Activity: Start your answer with the line containing "a bed with white" and end it with the last line of the records below, retyping every line between exactly and adding nothing.

Short web captions
##########
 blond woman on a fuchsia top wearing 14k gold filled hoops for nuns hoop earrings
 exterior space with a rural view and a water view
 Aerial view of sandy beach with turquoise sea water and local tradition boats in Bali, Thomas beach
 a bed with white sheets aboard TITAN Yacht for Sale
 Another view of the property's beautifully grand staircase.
##########
Result of the task:
 a bed with white sheets aboard TITAN Yacht for Sale
 Another view of the property's beautifully grand staircase.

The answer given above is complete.